Die Lesung in der Reihe „Freitag am Donnerstag“, eine Kooperation des Magazins «Reportagen» und der Taschenmanufaktur «Freitag», fand am 27. Juni 2013 im Freitag-Store an der Max-Beer-Strasse 3 in Berlin statt.
Siehe dazu auch: Tom Kummer – Ein Blick in das Archiv
bugsierer 11. Juli 2013, 16:57
ich erinnere mich mit grösstem vergnügen an die verdutzten gesichter von köppel & co. die schockstarre in der branche war auch nicht ohne. was für ein spass, was für eine gnadenlose blossstellung von ach so seriösen redaktionen. das gelächter an der barkante war gross, anwesende schurnis mussten sich unter schnappatmung den mund fusslig reden.
dass kummer nichts aufdröseln will ist ein punkt. der grössere ist aber, dass es die verlage auch nicht wollen. bei kummer ist das nachvollziehbar, er hält mythos und marke am glühen, und gross zuzugeben gibts eh schon lange nichts mehr, alle wissen um die erfindungen. ganz anders sieht es bei den verlagen aus. aus purer menschenliebe haben sie ja wohl auf juristische schritte nicht verzichtet. warum dann? ig dänke mer mi sach.

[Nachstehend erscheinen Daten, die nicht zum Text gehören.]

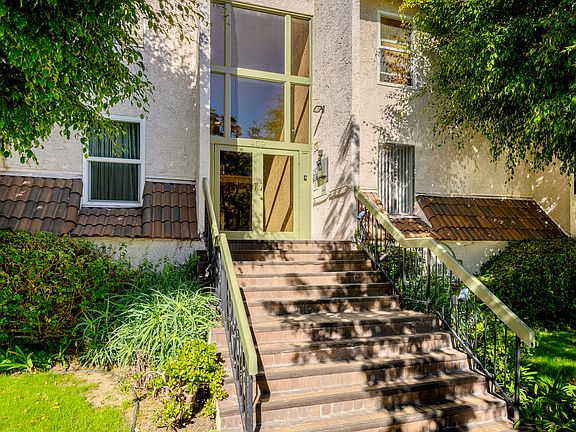 2nd image of 409 Burchett St Unit 119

Frank Hofmann 18. Juli 2013, 14:39
Selbstverständlich darf man sich lustig machen über Köppel. Am schadenfreudigsten sind immer jene, die es selber nie zum Chefredaktor gebracht haben. Die Ironie ist nur, dass es genau Köppel ist, der ihm eine zweite Chance gibt. Wer spottet jetzt?

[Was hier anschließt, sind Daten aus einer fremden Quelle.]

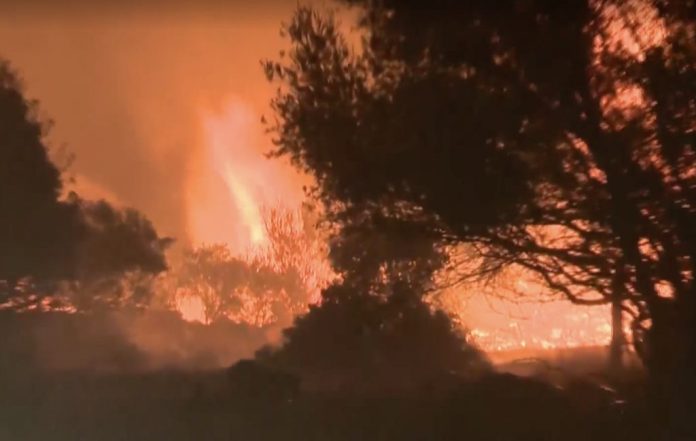 Φωτιά στην Εύβοια: Έκρηξη ανεμογεννήτριας παραλίγο να τραυματίσει πυροσβέστες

Klaus Jarchow 19. Juli 2013, 10:16
Ob ein irrelevantes Interview mit einer irrelevanten Kim Basinger ein Fake war oder nicht – das ist so etwas von irrelevant. Solange er keine Snowden-Interviews fälscht … Roger Köppels ‚Fakes‘ mit bewaffneten Albanerkindern auf dem Titel sind schon ein ganz anderes Kaliber.
Mara Meier 22. Juli 2013, 10:23
Kummers Hingis-Stück in der Weltwoche hervorragend.
Kummer als Kunst-Performer, als Sprengmeister auf der Metaebene? Statt merda d’artista (Manzoni), merda di giornalista (Kummer).